# Which comes first?



## ron schenker (Dec 11, 2005)

I'm in the process of refinishing our oak staircase. Will restain and polyurethane the treads, and paint the risers and stringers white. I'm thinking of doing the staining first, then all the painting once it's all dry. Is this the best way or does it not make a difference:blink:


----------



## Big Dave (Feb 23, 2006)

To each his own. I don't think it makes a difference. If I was doing it I would probably stain first then mask and paint.

Dave.


----------



## ron schenker (Dec 11, 2005)

Thanx, Big.


----------



## Mike Finley (Apr 28, 2004)

I would always stain first. The prep for stain work takes care of the prep for painting, but not vice-versa. The paint will wipe right off of the polyied stained areas.


----------



## C.C.R. (May 19, 2006)

ron schenker said:


> I'm in the process of refinishing our oak staircase. Will restain and polyurethane the treads, and paint the risers and stringers white. I'm thinking of doing the staining first, then all the painting once it's all dry. Is this the best way or does it not make a difference:blink:


do your staining first and at least one coat of poly to seal it. That way if you get any drips from the paint they will clean up easier. good luck!


----------



## soxfan (Aug 2, 2005)

3rd for staining and poly first. I wouldn't have even bothered to speak up but the board software is yelling at me to say something.


----------



## ccoffer (Jan 30, 2005)

Prime risers, stain treads and coat until done, then paint risers.


----------



## ron schenker (Dec 11, 2005)

I did a bad thing when staining. I thought the dog was downstairs sleeping but after I finished staining I heard her upstairs laughing at me. "Im coming down and you can't stop me" she appeared to be thinking. It was a very hot and humid day yesterday and 3 hours after applying the stain, it was still somewhat sticky. I had to go up and get her before Mrs. Ron came home and Wishbone would come tearing down the beautiful new stairs to greet her . So I get some wax paper from the kitchen, lay down strips and walk up daintily on my tippytoes. I bring her down thinking everything is ok but upon inspecting the steps I see funny imprints. Bad dog! It's all your fault!
I was planning on a second coat of stain anyway, but now do I have to re sand the bad spots?
BTW..When I was staining I experimented with a natural bristle brush, lint free cloth, applicator pad, and foam brush. The appl. pad seemed to do the best job but went on pretty thick. What do you use?
P.S. I'm sure all you pros are laughing at me right now, but it really was Wishbone's fault


----------



## Donedat (Aug 13, 2005)

You might have to ligtly sand, just to blend out the foot prints. And then stain and then poly.

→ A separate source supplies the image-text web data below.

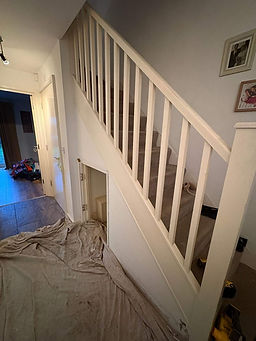 Modern wooden staircase with white balustrades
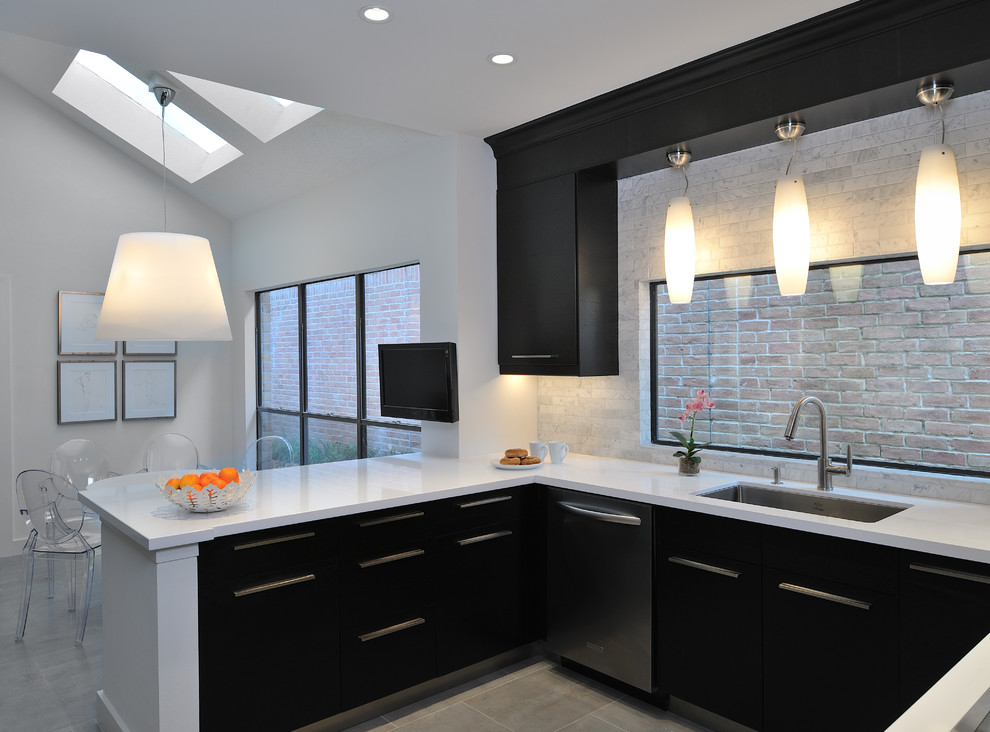 Photo of a contemporary eat-in kitchen in Houston with an undermount sink, flat-panel cabinets and black cabinets.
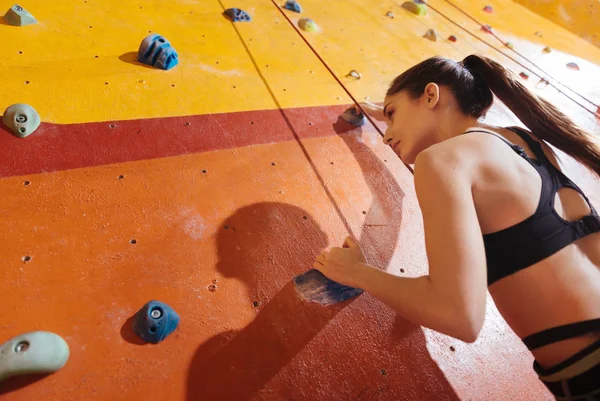 Vacker kvinna klättring upp på väggen i gymmet — Stockfoto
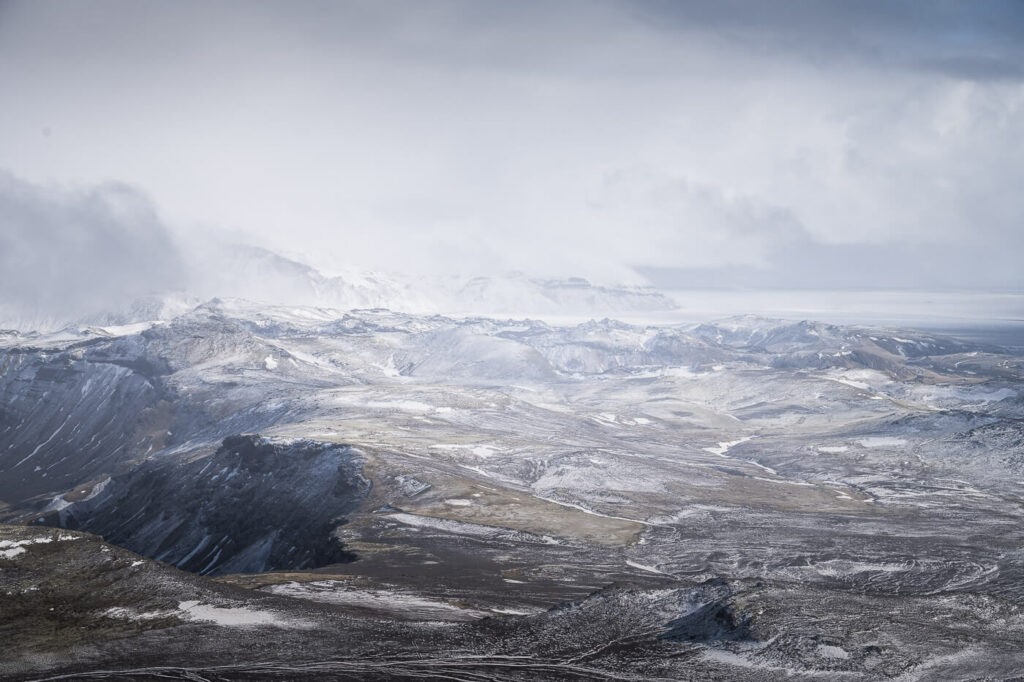 abstract panoramic image of land covered in snow and soft light diffused by clouds
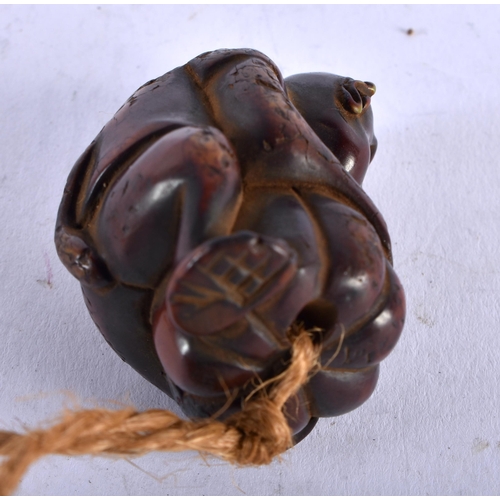 1349 - A JAPANESE CARVED WOOD MONKEY NETSUKE. 24 grams. 4.25cm x 3 cm.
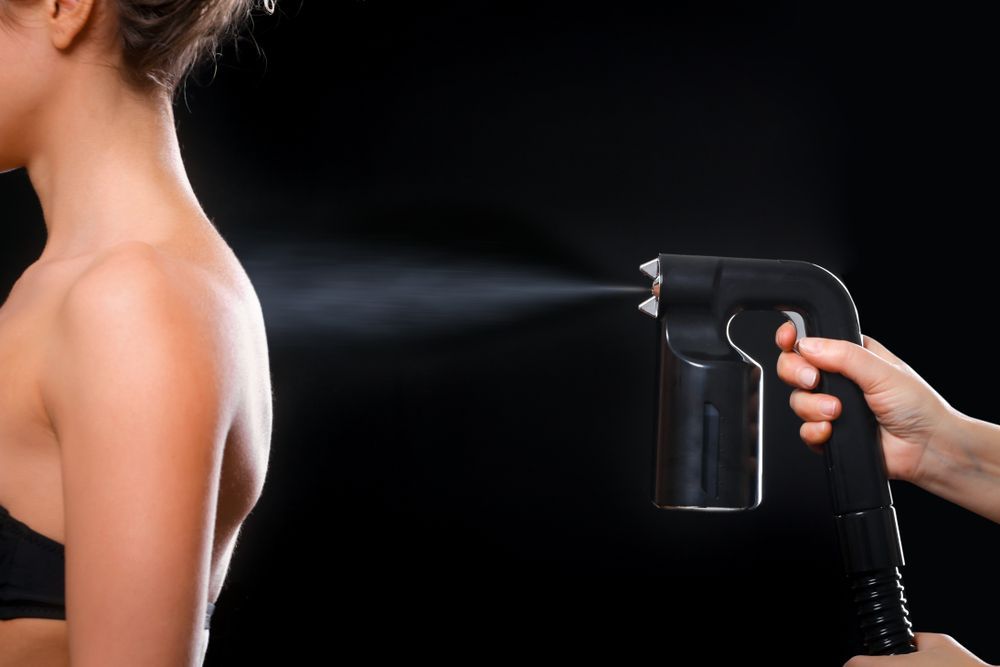 Person Receiving Spray Tan on Shoulder Against a Black Background — Aspire Beauty & Nails in Wagga Wagga, NSW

For stain I usually just use cotton rags (wipe on, wipe off). For poly I usually use a quality brush like a Purdy china bristle.


----------



## ron schenker (Dec 11, 2005)

Thanx Donedat:thumbup:


----------



## North Country (Jan 14, 2006)

light sand w/220 grit then Lambswool applicator:clap:


----------



## Teetorbilt (Feb 12, 2004)

I was taught to start at the top and work down. I do ceilings, trim, walls and flooring. Some of the paint pros here do it differently, Dad taught me my way.


----------



## ron schenker (Dec 11, 2005)

Very important update/bulletin....
It's going well except for the 48hr. drying times and the dog hair that just won't go away and only doing every other step per day so we can still go upstairs and getting stain on the areas that will be painted white, and endless sanding:furious: I hope I never have to do this again:shutup: 
Why didn't you guys warn me that this would be the job from he!!


----------



## Big Dave (Feb 23, 2006)

It's not bad if you can do the work and then go back to your house. LOL. You should know not to work on your own house.

Dave.


----------



## Silvad0ugh (Jun 10, 2021)

ccoffer said:


> Prime risers, stain treads and coat until done, then paint risers.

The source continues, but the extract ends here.